═════ SOURCE INFORMATION ═════

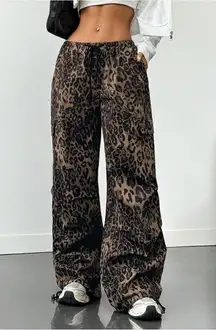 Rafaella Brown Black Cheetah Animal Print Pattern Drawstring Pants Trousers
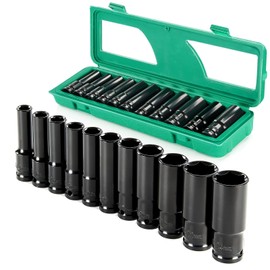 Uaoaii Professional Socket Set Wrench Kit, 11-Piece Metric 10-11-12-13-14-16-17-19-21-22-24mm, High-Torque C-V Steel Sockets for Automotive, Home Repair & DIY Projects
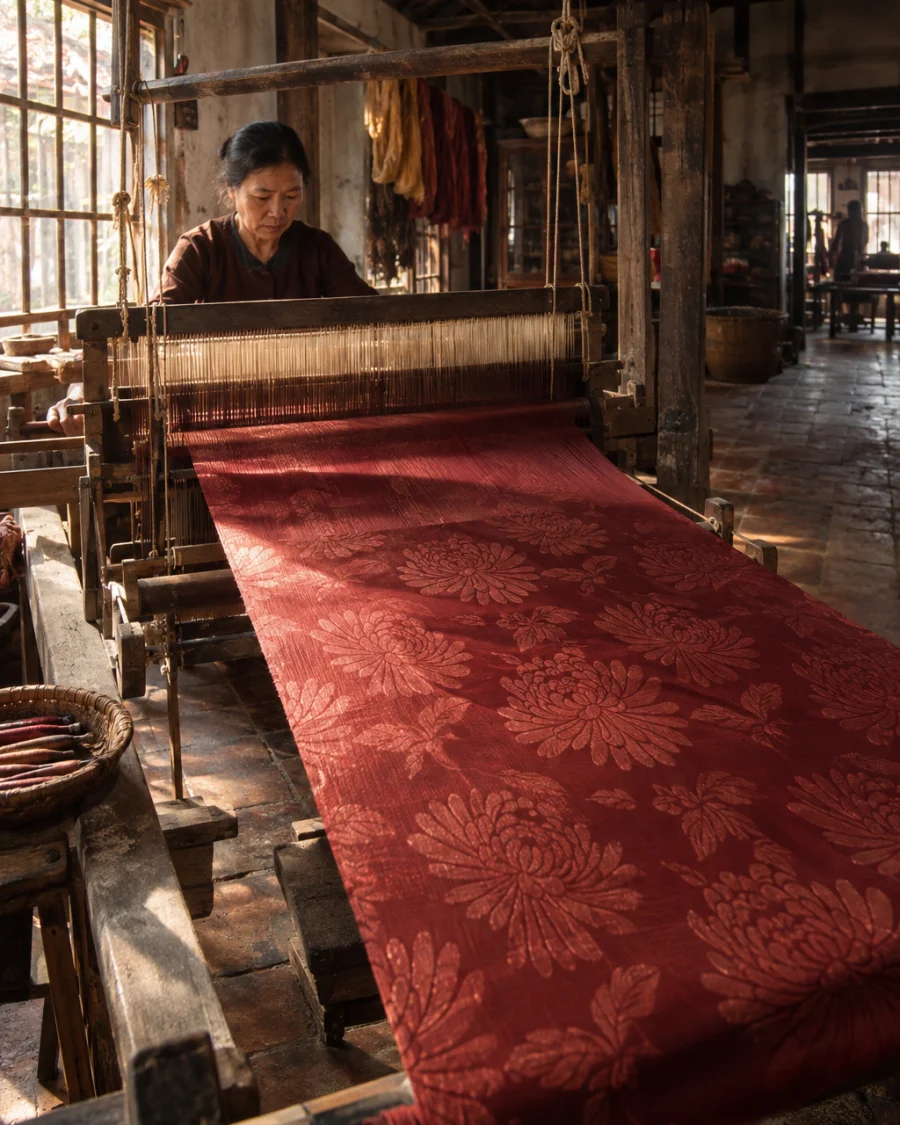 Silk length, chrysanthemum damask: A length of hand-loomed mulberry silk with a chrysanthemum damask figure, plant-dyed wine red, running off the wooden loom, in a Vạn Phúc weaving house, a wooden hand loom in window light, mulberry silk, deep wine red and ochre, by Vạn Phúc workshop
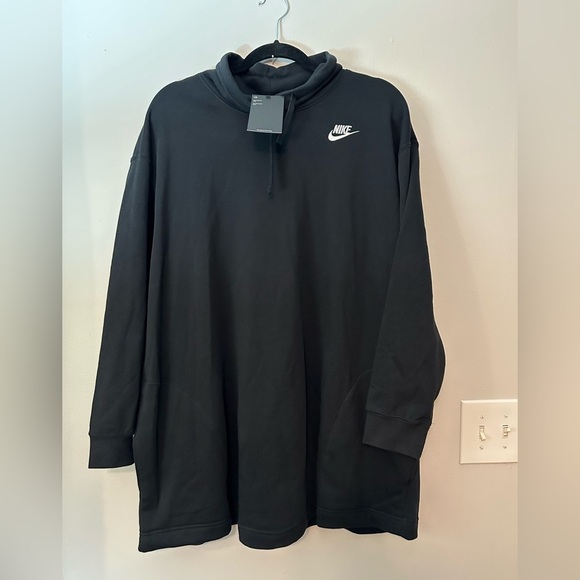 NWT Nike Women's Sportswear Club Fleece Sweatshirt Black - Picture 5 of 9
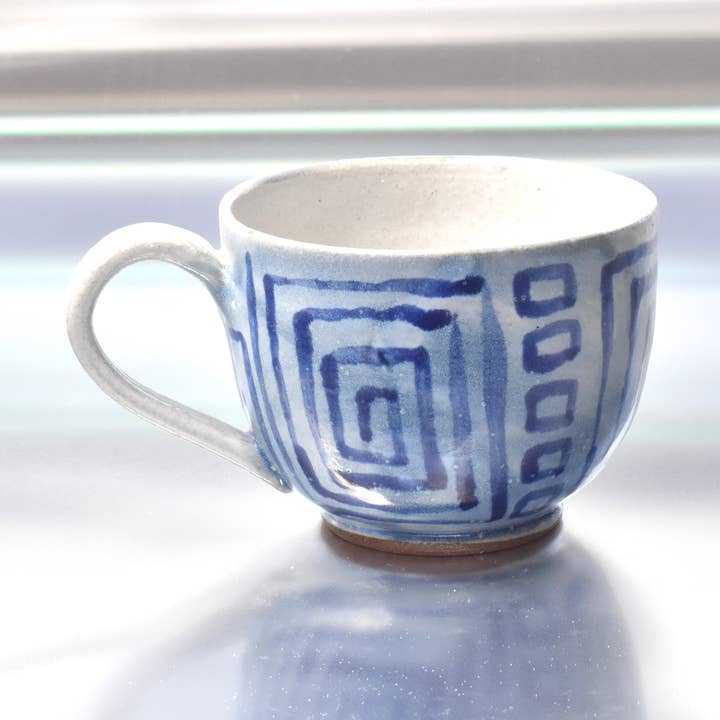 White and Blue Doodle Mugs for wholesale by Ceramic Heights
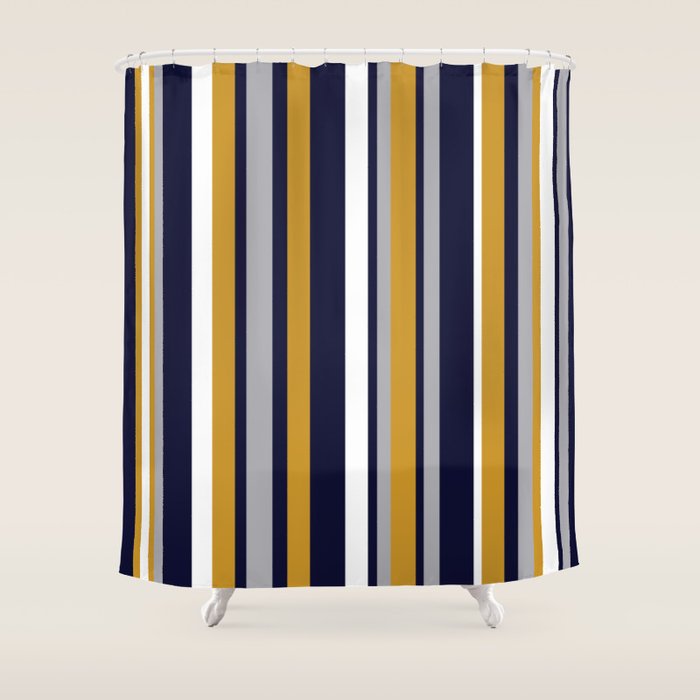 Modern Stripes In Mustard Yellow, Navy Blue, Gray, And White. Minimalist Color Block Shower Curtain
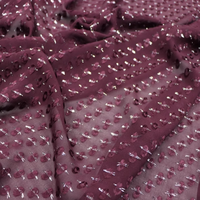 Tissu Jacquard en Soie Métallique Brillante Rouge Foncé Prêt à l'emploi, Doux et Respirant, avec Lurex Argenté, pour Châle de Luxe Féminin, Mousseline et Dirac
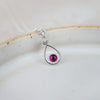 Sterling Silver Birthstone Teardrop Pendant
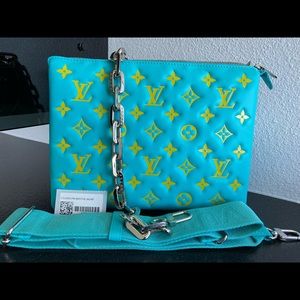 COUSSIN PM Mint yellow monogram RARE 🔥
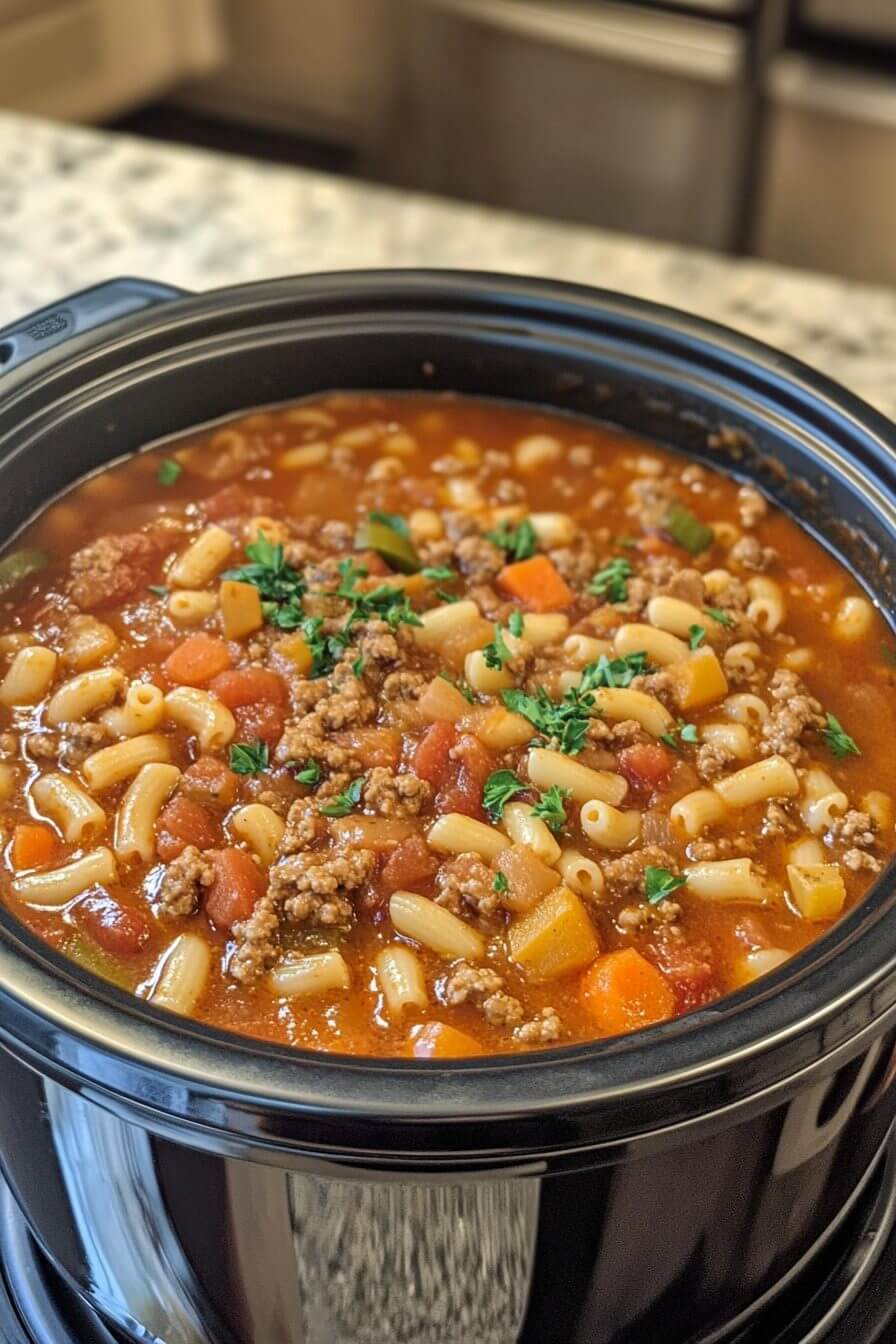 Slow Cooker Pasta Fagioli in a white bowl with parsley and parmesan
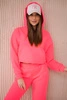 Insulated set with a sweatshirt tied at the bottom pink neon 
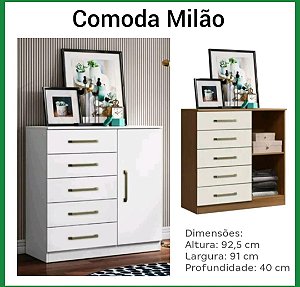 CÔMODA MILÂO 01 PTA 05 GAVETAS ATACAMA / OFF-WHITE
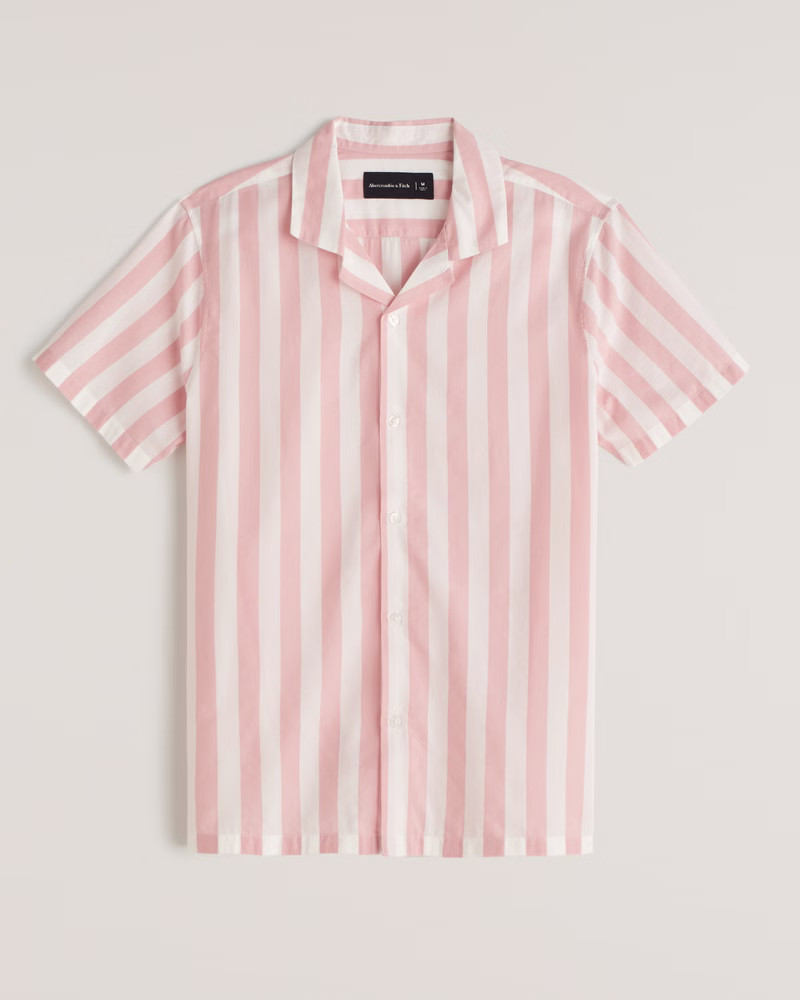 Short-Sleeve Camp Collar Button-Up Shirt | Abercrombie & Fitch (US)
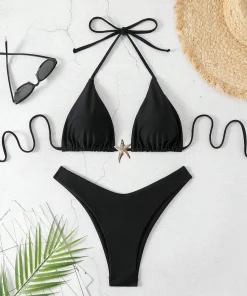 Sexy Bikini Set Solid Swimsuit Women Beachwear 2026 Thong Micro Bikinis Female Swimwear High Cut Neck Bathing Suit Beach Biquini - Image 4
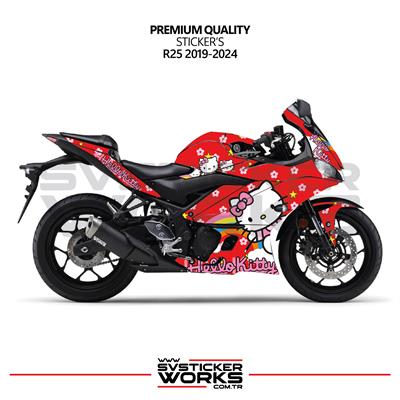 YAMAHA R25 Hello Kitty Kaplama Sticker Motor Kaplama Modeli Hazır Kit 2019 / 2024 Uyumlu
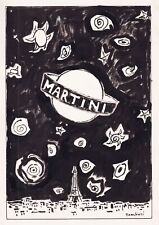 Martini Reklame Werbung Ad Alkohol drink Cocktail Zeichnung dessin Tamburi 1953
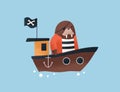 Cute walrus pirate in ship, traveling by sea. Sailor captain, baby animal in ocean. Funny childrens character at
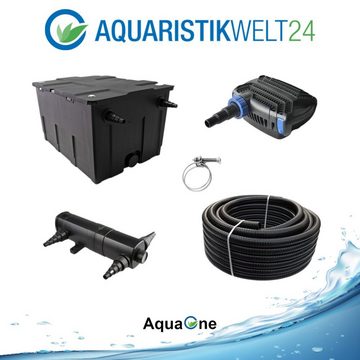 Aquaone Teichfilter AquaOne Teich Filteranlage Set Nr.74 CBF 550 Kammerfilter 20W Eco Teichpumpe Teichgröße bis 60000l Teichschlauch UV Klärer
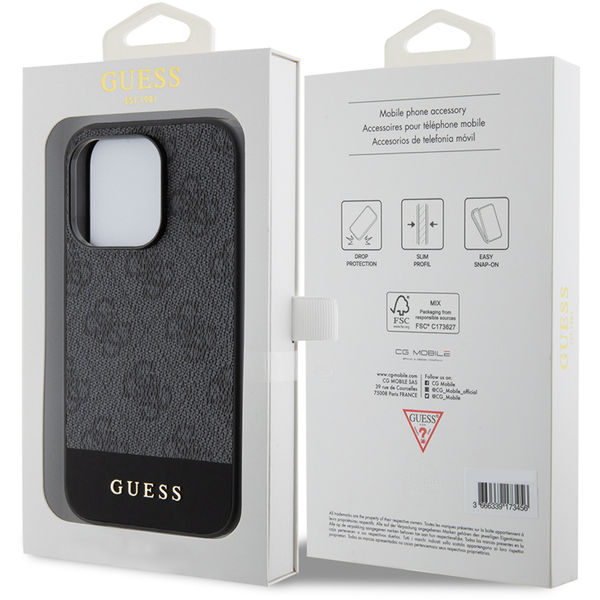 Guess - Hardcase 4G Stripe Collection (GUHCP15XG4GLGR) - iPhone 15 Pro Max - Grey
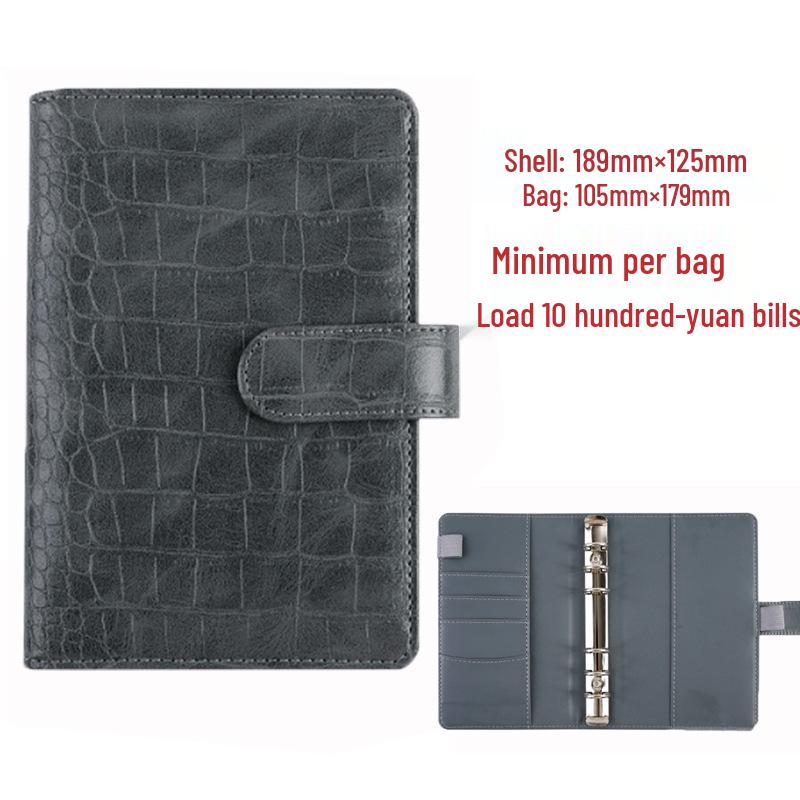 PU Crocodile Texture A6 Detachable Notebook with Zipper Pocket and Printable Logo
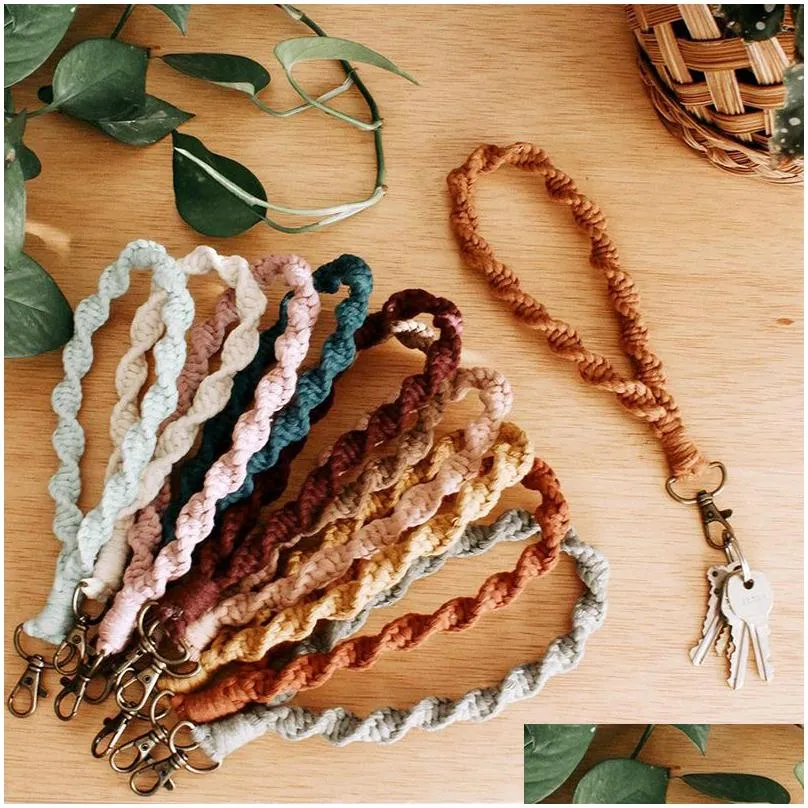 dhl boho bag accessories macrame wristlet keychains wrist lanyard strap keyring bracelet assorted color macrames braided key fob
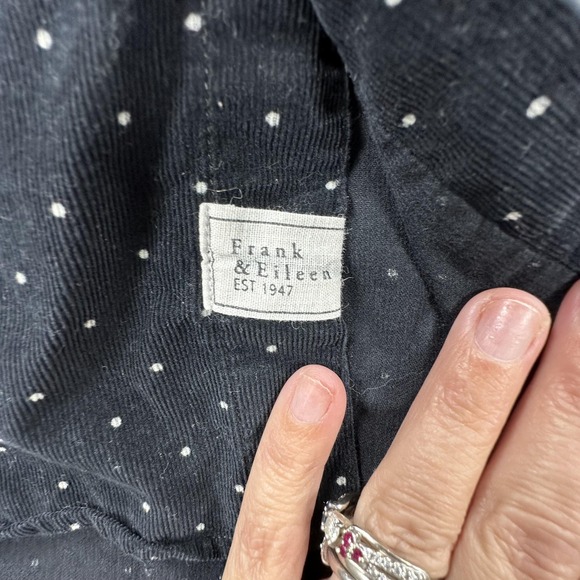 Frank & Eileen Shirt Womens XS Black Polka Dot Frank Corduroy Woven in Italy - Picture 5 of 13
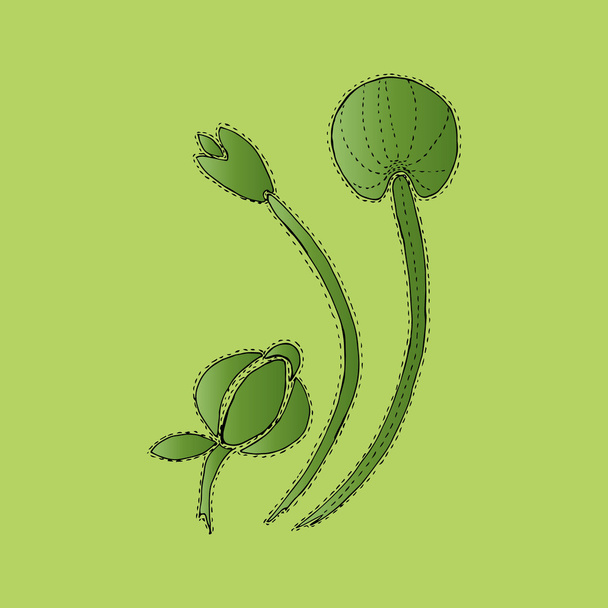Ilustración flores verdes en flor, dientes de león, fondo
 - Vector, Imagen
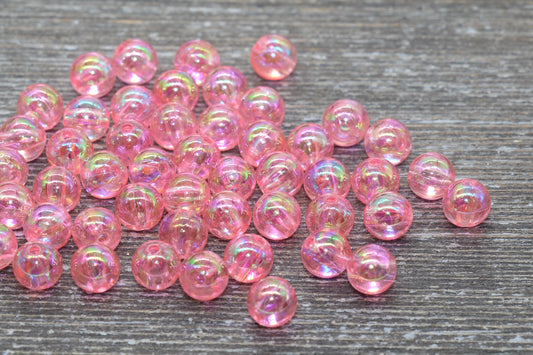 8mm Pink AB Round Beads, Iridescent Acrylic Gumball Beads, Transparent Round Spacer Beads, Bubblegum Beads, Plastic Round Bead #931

═════

## EXERCISE
Each line from the one with "- Vector, Imagen" through the final line of the records must be copied exactly, with no pictures and no additional lines.

## REPLY
 - Vector, Imagen
 8mm Pink AB Round Beads, Iridescent Acrylic Gumball Beads, Transparent Round Spacer Beads, Bubblegum Beads, Plastic Round Bead #931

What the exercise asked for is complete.